I can’t go into much detail here simply because it would make this post as long as a short novel. Long story, short, the rest of my day and part of the next day was a revelation of rookie mistakes, including, but not limited to:
- Unfamiliar drive and folder permission problems on Windows
- Forgetting about Recovery Models when not finding log backups for some databases
- Not checking the error logs like I should have when problems arose
This sort of thing went on and on before I eventually threw in the towel and asked Kevin for help. He got me sorted out pretty quickly—as a Senior DBA should—and I was back on track restoring my backups.
Rookie Mistakes are Expected
Guess what? Rookie mistakes are part of the process. It’s very much like riding a mountain bike. You are going to crash when you push yourself to the next level. You’re going to forget how to handle certain difficult situations and need guidance.
What this really means is you’re striving to move forward. Learn from your mistakes and add the new-found knowledge and skills you earned from failure and recovery to your tool kit.
You see, not only is Kevin my Senior DBA guiding me through all of this, he’s also been my mountain bike coach since I started riding trails. This is why I emphasized last week about the need to find a mentor if you don’t already have one.
When I’m riding trails alone I tend to be much more cautious and stay well within my skills and experience. However, when I’m riding with others, especially when I have Kevin in front of me showing the way, I’m much more apt to push myself and try new things—even things that scare me.

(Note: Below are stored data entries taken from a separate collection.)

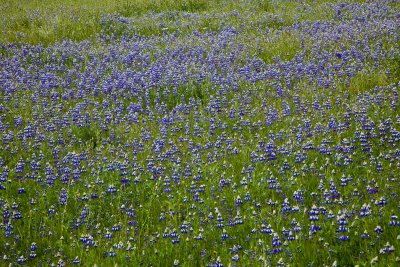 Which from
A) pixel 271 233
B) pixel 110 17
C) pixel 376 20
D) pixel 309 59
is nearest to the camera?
pixel 271 233

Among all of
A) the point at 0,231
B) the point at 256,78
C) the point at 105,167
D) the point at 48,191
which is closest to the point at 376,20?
the point at 256,78

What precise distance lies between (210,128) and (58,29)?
356 inches

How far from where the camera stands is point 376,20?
12672 millimetres

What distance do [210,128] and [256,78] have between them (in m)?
2.52

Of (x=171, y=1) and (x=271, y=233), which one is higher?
(x=271, y=233)

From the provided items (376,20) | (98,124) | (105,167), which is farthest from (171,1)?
(105,167)

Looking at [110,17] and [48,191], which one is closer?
[48,191]

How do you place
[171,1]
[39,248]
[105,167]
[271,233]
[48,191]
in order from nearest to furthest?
[271,233], [39,248], [48,191], [105,167], [171,1]

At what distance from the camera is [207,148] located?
6820mm

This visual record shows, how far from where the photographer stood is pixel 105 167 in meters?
6.46

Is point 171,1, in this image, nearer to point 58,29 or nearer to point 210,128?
point 58,29

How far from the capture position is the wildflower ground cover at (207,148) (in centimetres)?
476

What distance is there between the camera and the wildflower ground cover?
476 cm

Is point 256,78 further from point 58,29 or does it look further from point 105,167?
point 58,29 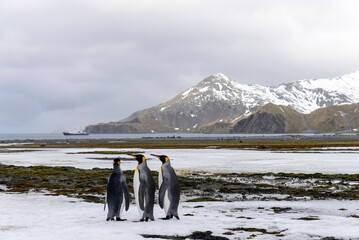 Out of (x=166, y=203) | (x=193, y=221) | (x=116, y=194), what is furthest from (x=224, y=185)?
(x=116, y=194)

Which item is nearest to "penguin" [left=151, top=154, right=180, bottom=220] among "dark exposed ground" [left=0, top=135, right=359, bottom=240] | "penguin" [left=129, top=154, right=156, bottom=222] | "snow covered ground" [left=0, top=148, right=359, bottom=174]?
"penguin" [left=129, top=154, right=156, bottom=222]

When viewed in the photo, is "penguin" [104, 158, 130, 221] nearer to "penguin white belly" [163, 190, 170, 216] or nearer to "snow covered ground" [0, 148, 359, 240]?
"snow covered ground" [0, 148, 359, 240]

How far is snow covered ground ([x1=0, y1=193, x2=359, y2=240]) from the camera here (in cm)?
1128

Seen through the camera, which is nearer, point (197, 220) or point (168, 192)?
point (197, 220)

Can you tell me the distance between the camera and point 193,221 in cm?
1316

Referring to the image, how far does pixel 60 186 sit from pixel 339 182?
1638 cm

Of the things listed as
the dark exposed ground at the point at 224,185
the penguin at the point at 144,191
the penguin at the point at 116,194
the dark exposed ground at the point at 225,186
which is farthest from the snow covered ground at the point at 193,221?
the dark exposed ground at the point at 224,185

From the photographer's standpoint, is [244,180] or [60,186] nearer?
[60,186]

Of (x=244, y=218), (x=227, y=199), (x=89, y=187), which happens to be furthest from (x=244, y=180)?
(x=244, y=218)

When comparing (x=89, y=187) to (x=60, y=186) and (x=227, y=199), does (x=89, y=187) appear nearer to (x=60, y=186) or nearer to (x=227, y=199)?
(x=60, y=186)

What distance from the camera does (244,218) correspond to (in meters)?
13.7

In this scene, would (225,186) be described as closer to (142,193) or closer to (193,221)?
(193,221)

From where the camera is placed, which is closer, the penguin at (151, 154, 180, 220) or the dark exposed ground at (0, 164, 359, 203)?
the penguin at (151, 154, 180, 220)

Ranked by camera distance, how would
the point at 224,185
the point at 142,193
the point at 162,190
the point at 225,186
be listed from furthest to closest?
the point at 224,185 < the point at 225,186 < the point at 162,190 < the point at 142,193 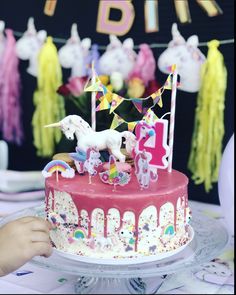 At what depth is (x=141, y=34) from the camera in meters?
1.73

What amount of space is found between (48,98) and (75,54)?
181 millimetres

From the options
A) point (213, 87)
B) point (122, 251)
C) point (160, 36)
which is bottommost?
point (122, 251)

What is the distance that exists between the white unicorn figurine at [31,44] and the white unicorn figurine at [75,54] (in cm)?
9

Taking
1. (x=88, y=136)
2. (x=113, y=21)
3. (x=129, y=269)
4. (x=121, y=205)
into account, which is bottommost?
(x=129, y=269)

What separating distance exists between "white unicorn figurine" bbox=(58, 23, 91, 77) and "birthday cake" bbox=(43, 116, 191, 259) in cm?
73

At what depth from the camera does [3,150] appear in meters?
1.88

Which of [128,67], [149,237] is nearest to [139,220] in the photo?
[149,237]

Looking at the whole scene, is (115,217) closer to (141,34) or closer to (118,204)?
(118,204)

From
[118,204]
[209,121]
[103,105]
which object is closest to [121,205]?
[118,204]

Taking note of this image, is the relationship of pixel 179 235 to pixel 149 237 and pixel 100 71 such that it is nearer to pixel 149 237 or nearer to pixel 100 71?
pixel 149 237

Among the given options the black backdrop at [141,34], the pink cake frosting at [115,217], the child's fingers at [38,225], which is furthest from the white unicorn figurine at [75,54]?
the child's fingers at [38,225]

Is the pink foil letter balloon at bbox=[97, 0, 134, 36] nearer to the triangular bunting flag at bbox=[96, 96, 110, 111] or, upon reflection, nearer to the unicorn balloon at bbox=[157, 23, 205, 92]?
the unicorn balloon at bbox=[157, 23, 205, 92]

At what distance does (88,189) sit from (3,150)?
93 cm

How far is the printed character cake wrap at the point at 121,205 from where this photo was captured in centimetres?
100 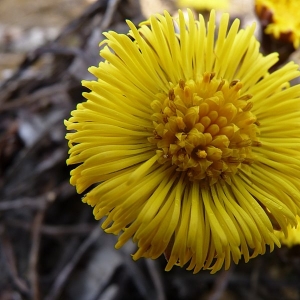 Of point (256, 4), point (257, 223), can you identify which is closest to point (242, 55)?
point (257, 223)

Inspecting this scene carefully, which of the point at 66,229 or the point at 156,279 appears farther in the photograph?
the point at 66,229

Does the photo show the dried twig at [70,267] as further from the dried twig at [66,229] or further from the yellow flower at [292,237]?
the yellow flower at [292,237]

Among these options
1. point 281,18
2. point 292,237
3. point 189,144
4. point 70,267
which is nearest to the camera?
point 189,144

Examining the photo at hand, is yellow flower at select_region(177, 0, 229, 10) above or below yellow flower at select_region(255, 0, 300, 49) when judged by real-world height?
above

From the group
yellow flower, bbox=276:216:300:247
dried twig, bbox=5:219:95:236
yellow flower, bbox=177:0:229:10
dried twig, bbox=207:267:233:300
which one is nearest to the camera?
yellow flower, bbox=276:216:300:247

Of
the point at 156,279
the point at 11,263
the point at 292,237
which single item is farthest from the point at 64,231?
the point at 292,237

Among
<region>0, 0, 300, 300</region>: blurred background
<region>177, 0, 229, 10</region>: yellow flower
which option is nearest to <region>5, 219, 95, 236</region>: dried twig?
<region>0, 0, 300, 300</region>: blurred background

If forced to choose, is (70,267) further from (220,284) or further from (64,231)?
(220,284)

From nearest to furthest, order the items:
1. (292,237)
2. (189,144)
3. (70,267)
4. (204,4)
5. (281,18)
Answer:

That was my approach during this whole backup/restore episode. I wasn’t on a Prod server and I knew that Kevin was right there to help me when I needed him. He patiently showed me not only what I was doing wrong, but pointed out things I didn’t know about or had forgotten such as looking at all the options in the Restore Database dialog to properly name my databases and select the file locations.
As a side note, I mentioned before about how part of my problem was a permissions issue that was specifically a Windows thing. I’ve noted before how I’m a long-time Mac user, and one of my main problems in this restore process was simply the differences in the Windows file tree system. Even once I was able to restore my databases properly they were not getting saved where I really wanted them because of one simple click—an unnecessary click in the Mac OS Finder, but absolutely necessary in Windows Explorer.
It’s all part of the process, and I’m getting there one step at a time. Even if some days it’s two steps forward and one step back, progress is being made.